Interview with Karl Whitney – Writer of Hit Factories – Part 1
Killian Laher go the chance to put some questions to Karl Whitney, author of Hit Factories. You can see the results below.
The book Hit Factories is a great piece of work, can you give me some of the background to how you came to write it?
It was after my first book, Hidden City: Adventures and Explorations in Dublin, was published. That book had been focused on my home city, and the places I visited were in general quite familiar to me. But by 2015 I had moved with my wife to north-east England, a place I had never visited before. For quite a long time I worried about how I might write about such an unfamiliar place in a way I was comfortable with. I was looking around for something I might write about when I watched a film in an online archive about Washington, a 1960s/70s new town not far from where I lived. A few frames of the film show a factory making records, and I wanted to know more about that. Eventually I found out that it had been an RCA record plant that opened in Washington in 1969. I found a few people who had worked there, and one of them, Audrey Young, told me that when he had first signed for RCA David Bowie visited the factory and cut a cake for employees.

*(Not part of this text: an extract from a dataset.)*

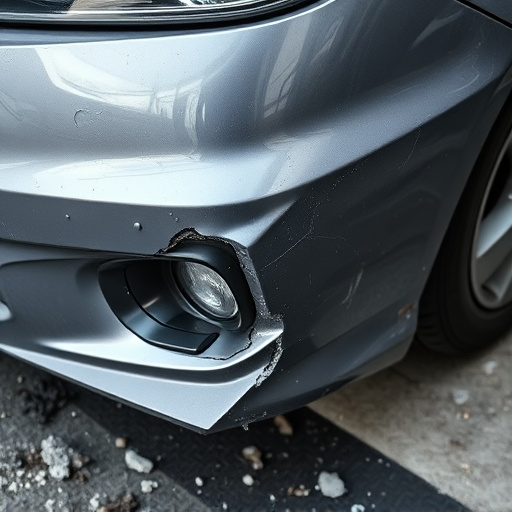 damaged car bumper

I went to where the factory had been – an expanse of exposed flooring surrounded by overgrown foliage. It was a strange place, a blank space, but my experience of it was shaped by the descriptions I had been given of the factory when it was operational. I walked around for a while, then took a few fragments of floor tile back to my office. I wasn’t sure where it was leading.
Then Bowie died, then Prince died, then the EU referendum happened. These things focused my mind on the task. Through thinking about the industrial heritage of the record plant, and talking to the people who had worked there, I became interested in the relationship between industry and pop music – how so many working-class people had careers in pop, and how immigrants who arrived post-war brought music that would come to influence mainstream British pop. I was also looking for a map that would guide me around a country that I didn’t know very well, and it soon became clear to me that British pop would be my guide.
On the face of it, it might seem quite different from your previous book, Hidden City. But what both books have is a sense of place, something that can be lost in the high speed information age. Can you give me your opinion on this?
I think both books are focused on place in different ways. Hidden City is focused on a single, big place – Dublin, which had its own challenges. But Hit Factories was a much bigger challenge, because sometimes I had only a few hours in a city to gather information and find locations that I wanted to write about. More broadly, I want to capture a place as I experience it so that it comes alive for a reader who may never have been there.
I think you’re right that a sense of place can be lost in the digital world. Our understanding of everything – not just geography – can become flattened and one-dimensional. One of the arguments of this book is that the places I visit often provided a three-dimensional world which brought people together: clubs, record shops, places like that. Such places still exist, but perhaps are not as numerous as they used to be.
Did you consider putting Dublin into the book?
The last book was about Dublin, so I didn’t really want to go over old ground. But there are some references in the Manchester and Liverpool chapters to my teenage gig-going days in the Tivoli, where I saw Oasis a couple of days after Definitely Maybe was released. So certainly the book was shaped by my experiences going to gigs in Dublin, even if there’s no chapter about it. I’ve been talking to producers about doing a TV documentary about music scenes in Irish cities, so that may well happen in the future.